Ilmuwan Tiongkok `Menciptakan` Monyet Autistik

Karena kesulitan meneliti autisme pada tikus percobaan, sejumlah ilmuwan 'menciptakan' monyet autistik untuk mempermudah penelitian.

oleh Alexander Lumbantobing diperbarui 02 Feb 2016, 22:00 WIB
Ilustrasi monyet laboratorium. (Sumber New York Times)

Liputan6.com, Shanghai - Untuk pertama kalinya, para ilmuwan di Tiongkok melakukan rekayasa genetik pada monyet sehingga hewan itu membawa gen autisme manusia. Hasilnya, monyet tersebut mengembangkan sejumlah gejala yang serupa dengan manusia yang memiliki autisme.

Menurut mereka, hal ini dilakukan supaya lebih mengerti tentang autisme pada manusia sehingga berpotensi mengembangkan cara pengobatan. Penelitian yang dilakukan oleh tim di Lembaga Ilmu Saraf di Shanghai dan temuannya telah diterbitkan dalam jurnal Nature.

Dikutip dari Huffington Post pada Selasa (2/2/2016), selama ini penelitian tentang autisme yang diujikan pada hewan mengandalkan tikus laboratorium. Namun MIT Technical Review menyebut percobaan demikian “mengecewakan karena hanya ada sedikit petunjuk pemecahan masalah itu pada manusia” yang disebabkan oleh perbedaan mencolok antara otak manusia dan otak tikus.

Para ilmuwan Tiongkok ‘menciptakan’ beberapa monyet khusus untuk penelitian ini. Mereka mencangkokkan gen MECP2 –yang dianggap berkaitan dengan autisme pada manusia—kepada virus yang tidak berbahaya yang kemudian disuntikkan ke dalam sel telur monyet macaque. Sel-sel telur itu kemudian dibuahi dan ditanamkan ke dalam monyet-monyet betina.

Pada usia kira-kira 11 bulan, anak-anak monyet transgenik itu mulai menunjukkan perilaku asosial, termasuk mondar-mandir dalam lingkaran dan menjadi stress ketika ditatap matanya.

Kepala tim penelitian Zilong Qiu menuliskan, “Ketika dibandingkan dengan monyet-monyet liar, maka monyet-monyet transgenik MECP2 ini lebih lambat bertambah berat, memiliki metabolisme asam lemak yang abnormal, lebih sering menunjukan gerakan berulang melingkar dan menunjukkan peningkatan tanggapan-tanggapan stress dalam ujian-ujian kecemasan terkait dengan ancaman.”

“Terlebih lagi, monyet-monyet transgenik menunjukkan interaksi sosial yang lebih sedikit dibandingkan dengan monyet-monyet liar dan juga waktu interaksi yang kurang ketika disandingkan dengan monyet-monyet transgenik lainnya dalam uji interaksi sosial,” lanjutnya.

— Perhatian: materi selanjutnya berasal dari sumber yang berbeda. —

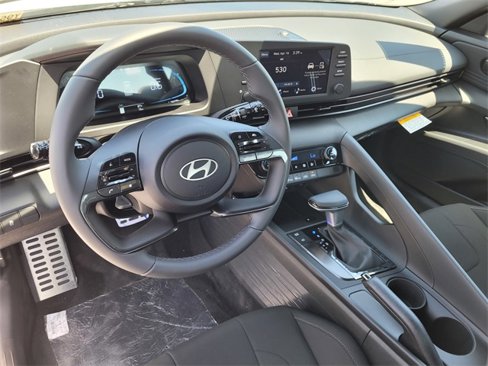 New 2025 Hyundai Elantra Sport image 8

Autisme adalah sekelompok penyimpangan rumit pada perkembangan otak ditandai—antara lain—dengan kesulitan interaksi sosial dan komunikasi verbal maupun nonverbal, serta perilaku berulang, demikian menurut laman Autism Speaks.

Statistik (untuk konteks AS) keluaran Centers for Disease Control and Prevention (CDC) menunjukkan bahwa 1 di antara 68 anak berada di spektrum autisme. Autisme sendiri 5 kali lebih sering terjadi pada anak lelaki daripada anak perempuan.

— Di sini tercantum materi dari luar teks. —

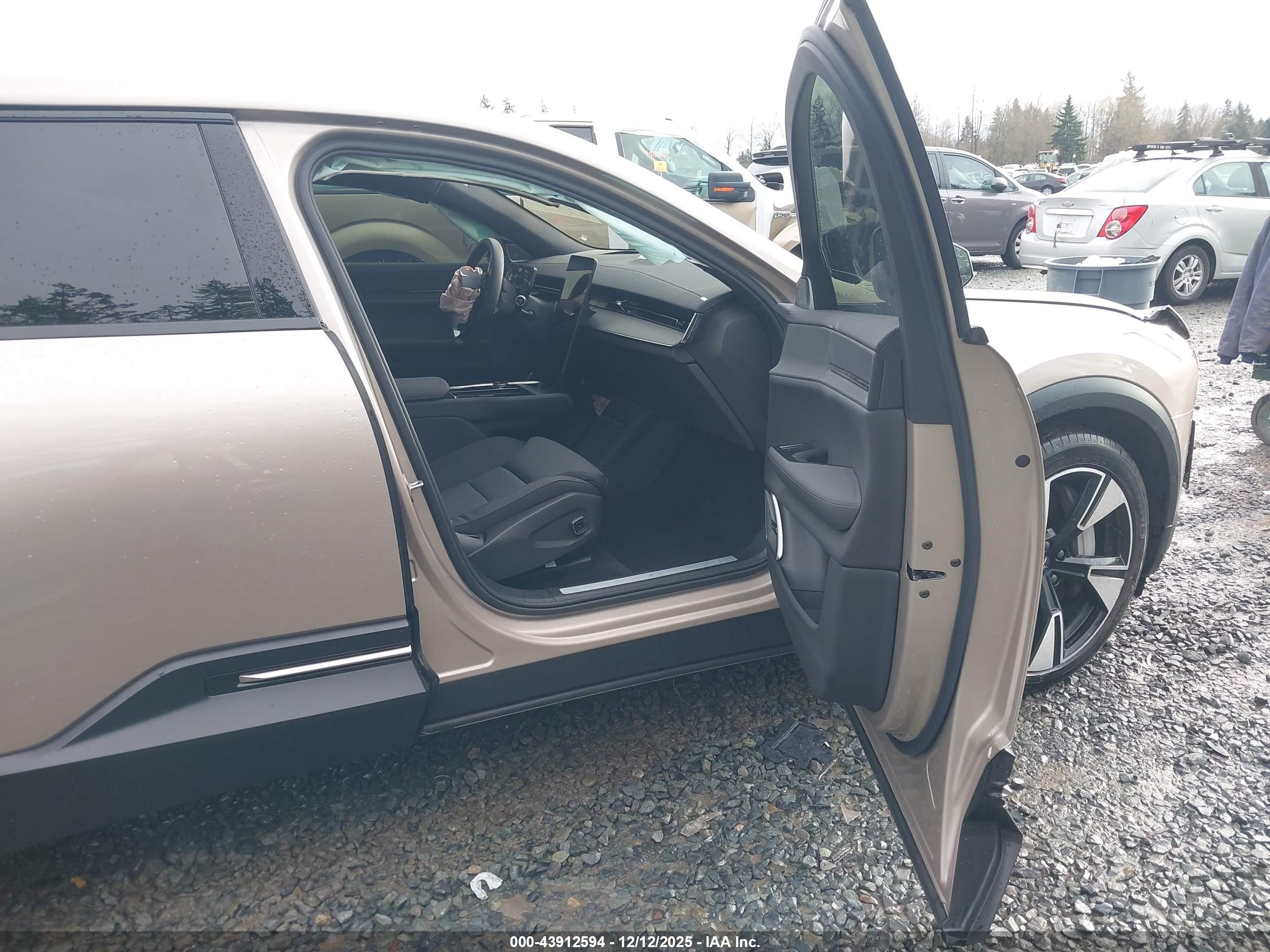 POLESTAR 3 image 5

Namun demikian, sejumlah pihak mengajukan pertanyaan etika tentang penelitian pada monyet-monyet tersebut. Sebaliknya, sejumlah pihak lain justru memuji percobaan itu.

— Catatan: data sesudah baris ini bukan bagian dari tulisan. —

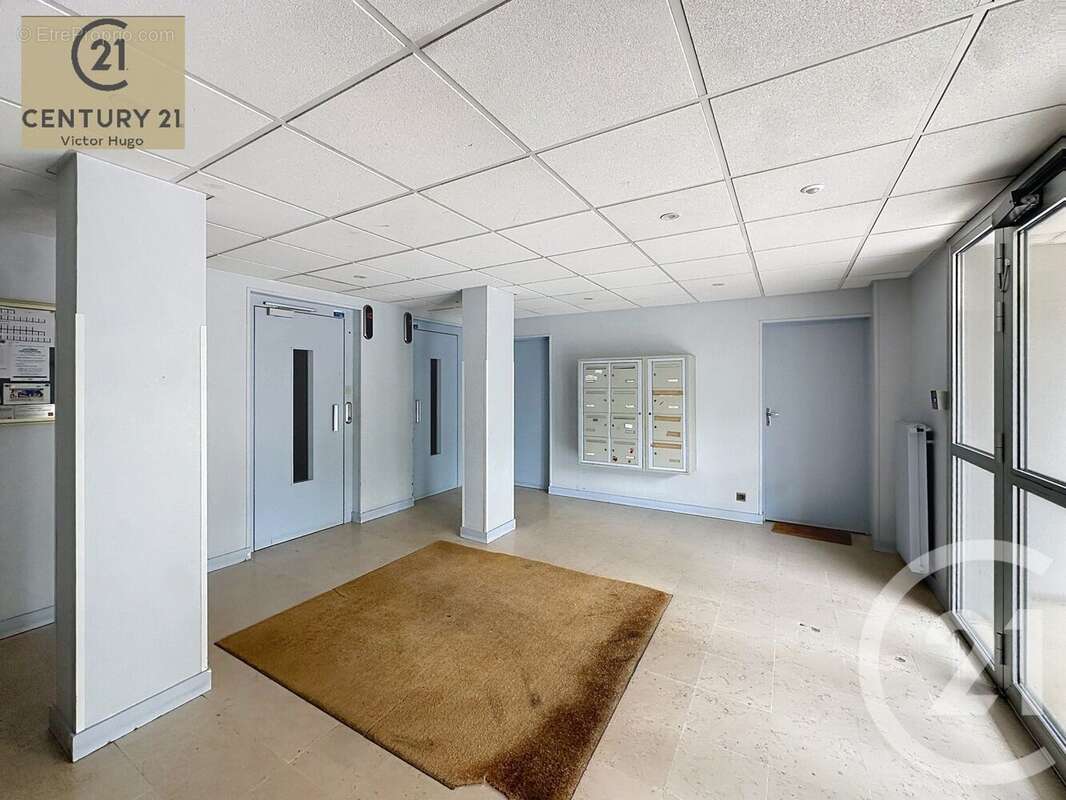 Appartement 78 m² à Limoges  - photo 8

Profesor psikiatri di University of California, Melissa Bauman, mengatakan bahwa penelitian itu “Membuka kemungkinan untuk menelaah faktor-faktor risiko genetik pada spesies yang terhubung lebih dekat dengan manusia.”

Para penulis penelitian mengatakan bahwa temuan mereka “membuka jalan untuk penggunaan secara efisien monyet-monyet macaque dengan rekayasa genetik guna mempelajari kekacauan otak.”

Sebagai catatan, hewan-hewan primata telah digunakan dalam sejumlah penelitian terkini untuk mempelajari penyakit Parkinson’s dan Huntington’s.